Blogger Ramblings of a Villas Girl said...

Very powerful post. Dianne at Forks Off The Moment, had a similar post a couple months back. Brought tears to my eyes then as this did this morning. I thank those women of years ago to have the courage to stand up for themselves and us. And I thank you today for reminding us to have the courage and make them proud. Lisa

8:41 AM  
Blogger Webradio said...

Good, Girl !

8:54 AM  
Blogger MEDITERRANEAN KIWI said...

a truly inspiring story

9:46 AM  
Blogger Mrs. Salty said...

I agree with you on the right to vote; your post is most educational and inspirational; thank you! I have voted since I was old enough to and have been proud to do so. This evening after supper Salty and I will be going to vote in this historical election.

12:08 PM  
Blogger Mama Zen said...

Awesome, awesome post, Gretchen!

2:53 PM  
Blogger Aileni said...

A salutory piece for today, Gretchen.

5:27 PM  
Blogger Hootin' Anni said...

What a poignant blog post for the day in history!!! Well said!!!

Thanks for stopping by. Glad to hear that you voted!

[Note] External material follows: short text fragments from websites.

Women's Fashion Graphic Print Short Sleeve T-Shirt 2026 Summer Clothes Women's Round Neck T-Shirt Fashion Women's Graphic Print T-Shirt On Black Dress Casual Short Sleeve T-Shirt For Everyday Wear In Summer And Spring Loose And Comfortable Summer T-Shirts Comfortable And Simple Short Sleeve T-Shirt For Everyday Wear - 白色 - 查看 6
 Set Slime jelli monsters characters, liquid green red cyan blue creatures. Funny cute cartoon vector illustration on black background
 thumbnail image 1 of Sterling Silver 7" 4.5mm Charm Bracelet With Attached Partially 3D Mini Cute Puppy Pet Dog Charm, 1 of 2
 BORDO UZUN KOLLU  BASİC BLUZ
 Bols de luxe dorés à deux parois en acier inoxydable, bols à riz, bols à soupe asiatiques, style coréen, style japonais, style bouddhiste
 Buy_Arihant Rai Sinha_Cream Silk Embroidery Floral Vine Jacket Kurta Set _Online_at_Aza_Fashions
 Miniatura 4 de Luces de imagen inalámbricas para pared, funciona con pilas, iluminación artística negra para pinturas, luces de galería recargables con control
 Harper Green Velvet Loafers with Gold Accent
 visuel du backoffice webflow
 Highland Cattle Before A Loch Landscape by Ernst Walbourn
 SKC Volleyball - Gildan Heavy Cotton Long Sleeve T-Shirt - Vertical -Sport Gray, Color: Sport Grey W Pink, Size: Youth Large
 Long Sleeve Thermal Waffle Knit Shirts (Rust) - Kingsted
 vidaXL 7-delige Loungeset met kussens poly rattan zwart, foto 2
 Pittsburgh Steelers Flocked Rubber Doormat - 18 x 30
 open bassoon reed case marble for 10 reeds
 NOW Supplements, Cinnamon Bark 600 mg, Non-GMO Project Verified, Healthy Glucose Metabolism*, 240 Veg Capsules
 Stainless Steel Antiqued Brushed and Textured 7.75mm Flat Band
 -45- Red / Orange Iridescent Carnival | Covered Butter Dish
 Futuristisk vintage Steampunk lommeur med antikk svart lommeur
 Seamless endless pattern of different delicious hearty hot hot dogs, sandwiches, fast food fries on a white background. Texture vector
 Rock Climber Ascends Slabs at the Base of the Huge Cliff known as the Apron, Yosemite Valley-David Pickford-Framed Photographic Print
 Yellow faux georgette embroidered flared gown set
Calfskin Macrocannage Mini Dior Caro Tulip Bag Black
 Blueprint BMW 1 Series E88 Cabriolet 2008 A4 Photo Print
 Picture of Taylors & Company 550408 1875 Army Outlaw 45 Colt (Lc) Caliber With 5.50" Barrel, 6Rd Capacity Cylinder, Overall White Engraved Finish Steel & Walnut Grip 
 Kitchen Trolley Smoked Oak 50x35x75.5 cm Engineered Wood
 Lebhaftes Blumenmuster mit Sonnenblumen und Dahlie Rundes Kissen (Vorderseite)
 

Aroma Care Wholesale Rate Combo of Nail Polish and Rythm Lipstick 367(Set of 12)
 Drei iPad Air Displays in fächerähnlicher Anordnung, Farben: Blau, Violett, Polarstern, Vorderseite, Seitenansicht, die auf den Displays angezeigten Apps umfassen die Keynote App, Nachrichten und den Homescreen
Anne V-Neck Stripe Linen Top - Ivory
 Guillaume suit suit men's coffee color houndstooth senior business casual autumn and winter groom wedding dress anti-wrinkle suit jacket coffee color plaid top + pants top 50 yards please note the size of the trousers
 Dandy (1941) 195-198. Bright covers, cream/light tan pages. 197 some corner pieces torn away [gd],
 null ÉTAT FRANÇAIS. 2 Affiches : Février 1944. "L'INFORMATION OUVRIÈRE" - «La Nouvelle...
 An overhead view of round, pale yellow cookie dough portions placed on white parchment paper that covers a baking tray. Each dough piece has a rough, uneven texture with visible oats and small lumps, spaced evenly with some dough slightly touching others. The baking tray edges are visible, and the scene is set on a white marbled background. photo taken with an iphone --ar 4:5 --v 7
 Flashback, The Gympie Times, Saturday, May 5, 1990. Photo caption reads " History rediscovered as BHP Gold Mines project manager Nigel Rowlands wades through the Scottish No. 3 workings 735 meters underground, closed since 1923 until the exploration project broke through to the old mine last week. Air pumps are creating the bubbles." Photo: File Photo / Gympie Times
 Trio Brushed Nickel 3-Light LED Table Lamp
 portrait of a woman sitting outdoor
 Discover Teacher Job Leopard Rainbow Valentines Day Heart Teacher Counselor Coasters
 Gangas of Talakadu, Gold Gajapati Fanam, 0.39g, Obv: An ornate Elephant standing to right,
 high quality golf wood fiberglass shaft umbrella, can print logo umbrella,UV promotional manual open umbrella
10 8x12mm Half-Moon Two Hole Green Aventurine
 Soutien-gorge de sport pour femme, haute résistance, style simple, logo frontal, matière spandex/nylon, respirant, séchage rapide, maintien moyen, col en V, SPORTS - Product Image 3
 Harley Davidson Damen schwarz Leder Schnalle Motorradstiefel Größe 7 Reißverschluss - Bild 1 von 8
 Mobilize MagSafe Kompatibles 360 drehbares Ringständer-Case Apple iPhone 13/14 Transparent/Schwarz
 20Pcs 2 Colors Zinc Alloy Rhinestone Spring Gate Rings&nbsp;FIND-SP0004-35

Excuse my language, but for the last couple of hours, I've been as nervous as a 'whore in church'....waiting, waiting for the polls to close and we can get a little bit of encouraging news....

Happy Tuesday.

6:06 PM  
Blogger Jeanne said...

What an awesome post and a good reminder of what a precious gift we have being able to vote and how important it is to exercise that right.

6:32 PM  
Blogger dot said...

That was horrible!

8:01 PM  
Blogger Gattina said...

From the 40.000 Americans living in Belgium and a big part of them in my town Waterloo, they all celebrate Obama today. Nobody wanted McCain. I just repeat what I have been told and what I have seen in the local news.

1:14 AM  
Blogger Reader Wil said...

I say amen to that! Could you post this entry on Women's Day as well? It is so important that women all over the world are taken seriously and respected. I admire the women and the psychiatrist who refused to declare Alice Paul insane. Yes we have the right to vote and to make the same mistakes men make. Fifty years ago the idea that women were not allowed to vote was quite normal in very strict protestant circles. Then I laughed about it and was glad that I was not a member of such a church. I voted always.

2:47 AM  
Blogger Elizabeth said...

Thanks for this post, Gretchen! I forwarded it on to some friends. You were right on! I hope to see that movie some day too.

2:24 PM  
Blogger Tossing Pebbles in the Stream said...

The struggle for the right to vote was not as violent in Canada.

It did finally take the British Privy Council to finally declare that women are "persons" since only persons can vote.